## Listed entries
______________________________

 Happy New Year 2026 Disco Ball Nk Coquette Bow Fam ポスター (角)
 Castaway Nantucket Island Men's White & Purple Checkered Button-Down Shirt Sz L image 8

______________________________

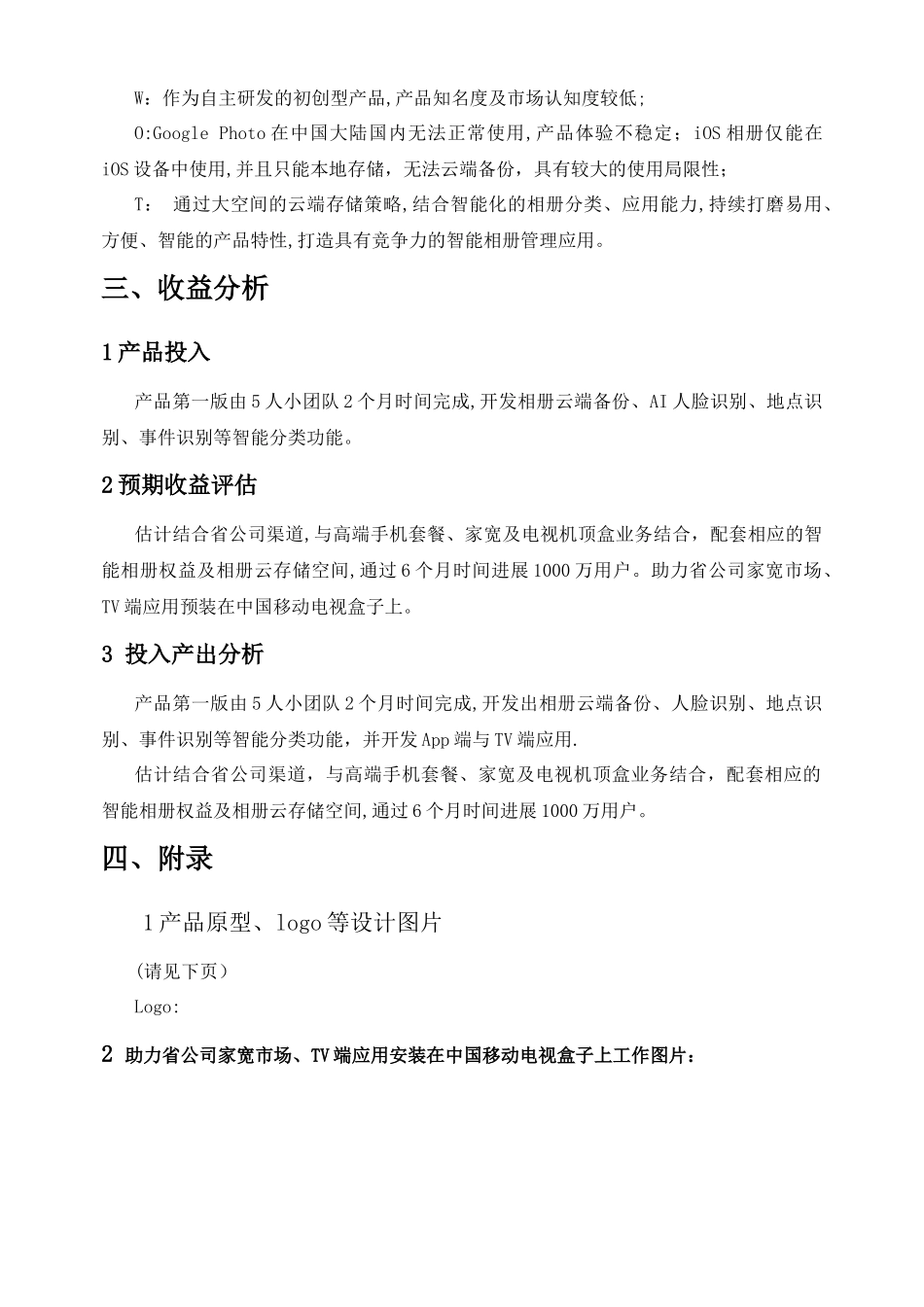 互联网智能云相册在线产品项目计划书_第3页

______________________________

## Work order
Starting with the line above that holds "Happy New Year" and stopping with the line that holds "Castaway Nantucket Island", reproduce each line exactly, omitting all other lines.

## Answer box
 Happy New Year 2026 Disco Ball Nk Coquette Bow Fam ポスター (角)
 Castaway Nantucket Island Men's White & Purple Checkered Button-Down Shirt Sz L image 8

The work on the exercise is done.